Mhyajo lantas memikirkan dan mengerjakan konsepnya. Hasilnya adalah ide pagelaran berisi delapan babak yang berdurasi 40 menit. Dalam karya pertunjukan itu, Indonesia dimunculkan lengkap dari Sabang sampai Merauke. Ide itu diterima oleh panitia penyelenggara konferensi tingkat dunia tersebut.
Menurut Mhyajo, proses kreatifnya telah dimulai sejak Maret 2017. Berlanjut pada sesi workshop musik dasar yang dilaksanakan mulai awal April 2018. Proses selanjutnya, pengambilan gambar dan pengabadian dalam bentuk video pendek berisi pemandangan dan adat istiadat di Indonesia selama 27 hari pada Mei 2018.

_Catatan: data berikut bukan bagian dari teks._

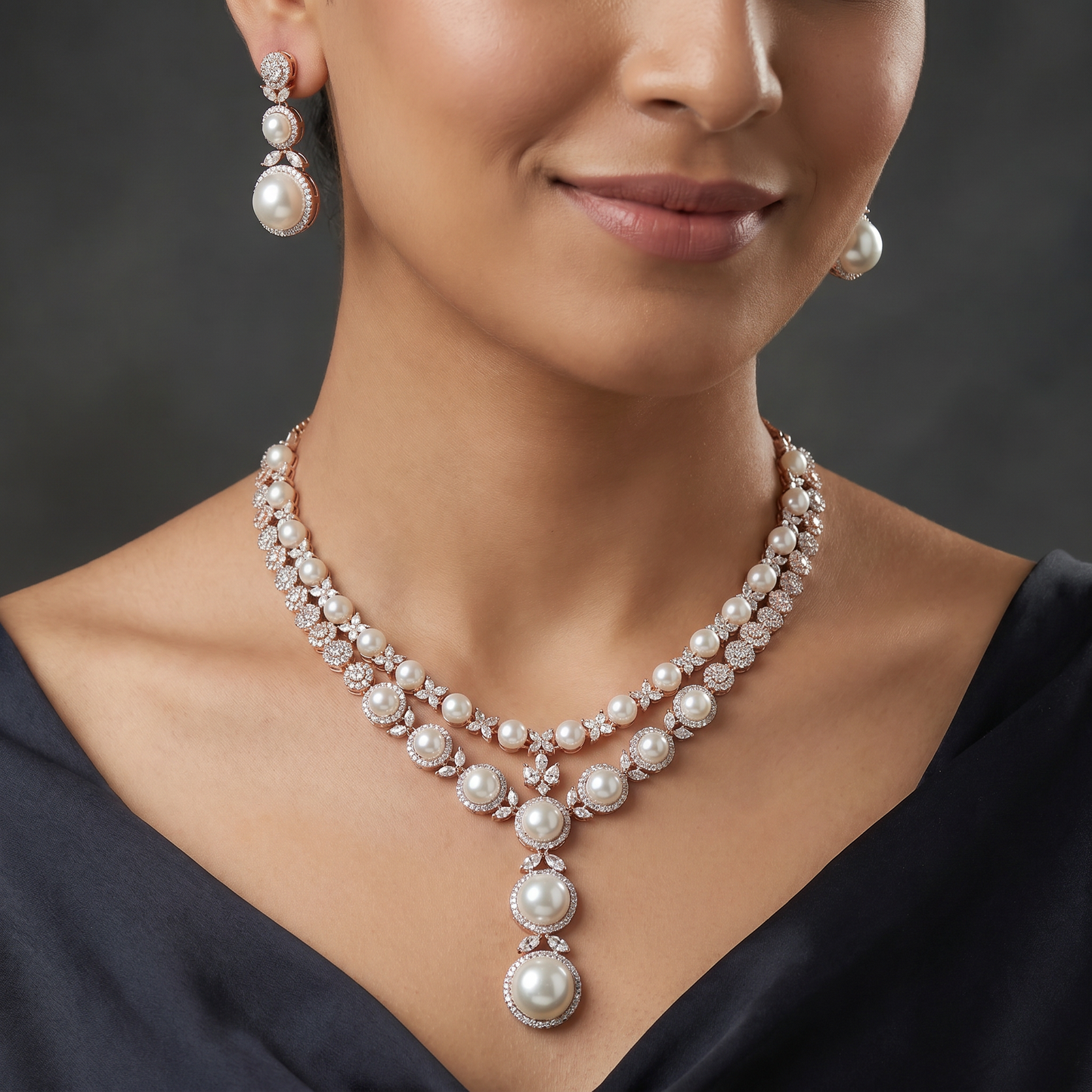 Woven Drop Rose Gold Necklace with Rounded Pendant Formation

Terakhir, sambung Mhya lagi, semua proses melatih gerak para penari dilakukan di Bali, dari pertengahan Juni 2018. Pergelaran tersebut melibatkan total 1.586 pekerja seni dengan 755 orang di antaranya diambil dari warga masyarakat desa Bona di kawasan Gianyar, Bali.
Naik Turun Emosi
Kemudian Mhya bercerita, "Lelah fisik dan mengalami naik turun emosi tentu saja, karena ini adalah pekerjaan yang luar biasa rumit namun terbayar ketika mengingat kembali tujuan awal aku membuat konsep pagelaran ini. Bahwa aku hanyalah mediator yang mengemban tujuan tulus untuk para tunas bangsa, sehingga mendapat kesempatan yang sama layaknya pekerja seni profesional."
Lanjutnya lagi dalam keterangan yang sama, "Nantinya selesai pagelaran, benih yang telah aku sebar akan menjadi tunas dan membentuk tanaman indah. Rancangan ini dibuat sebagai fondasi untuk ke depan bukan untuk saat ini saja. Bayangkan bahwa Bali merupakan melting pot bagi dunia dan sewajarnyalah, semua kultur dan budaya Indonesia harus dapat terpresentasikan dengan baik di pulau ini."
Diharapkan juga oleh Mhya, kelak para seniman ini dapat tetap berkreasi dan menyebarkan pembelajaran mengenai pulau-pulau lainnya, dengan ciri khas budayanya di Indonesia setelah rangkaian latihan lima setengah bulan.
"Jadi sejatinya, pagelaran ini bukan hanya sekadar kemewahan di atas panggung, tapi sarat makna dan misi budaya," jelas Mhya lagi.